Exercise:
Copy all entries verbatim and keep any pictures out of the copy.

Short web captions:

......

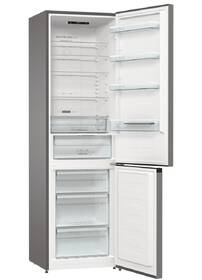 Chladnička s mrazničkou Gorenje N62CS2XL4 nerez

 obrázok produktu 6 z 11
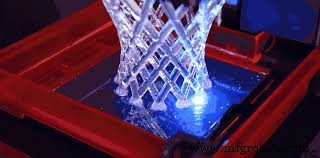 SLA vs. PolyJet: Choosing the Right 3D Printing Technology for Your Project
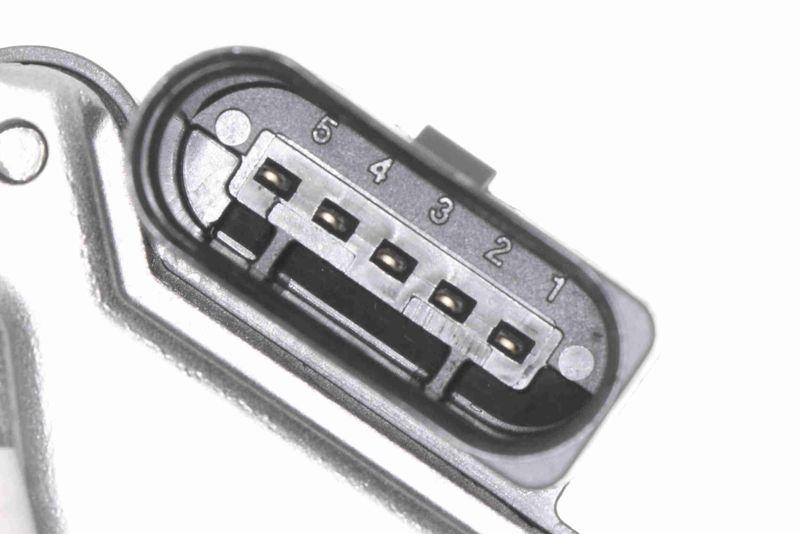 VEMO V10-81-0085 Drosselklappenstutzen mit Dichtungen, elektronisch, &Oslash; 57 mm f&uuml;r VW
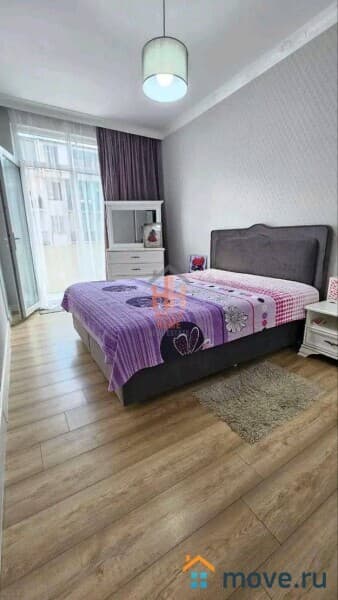 2-комн. квартира, 60 м²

......

Solution to the exercise:
 Chladnička s mrazničkou Gorenje N62CS2XL4 nerez

 obrázok produktu 6 z 11
 SLA vs. PolyJet: Choosing the Right 3D Printing Technology for Your Project
 VEMO V10-81-0085 Drosselklappenstutzen mit Dichtungen, elektronisch, &Oslash; 57 mm f&uuml;r VW
 2-комн. квартира, 60 м²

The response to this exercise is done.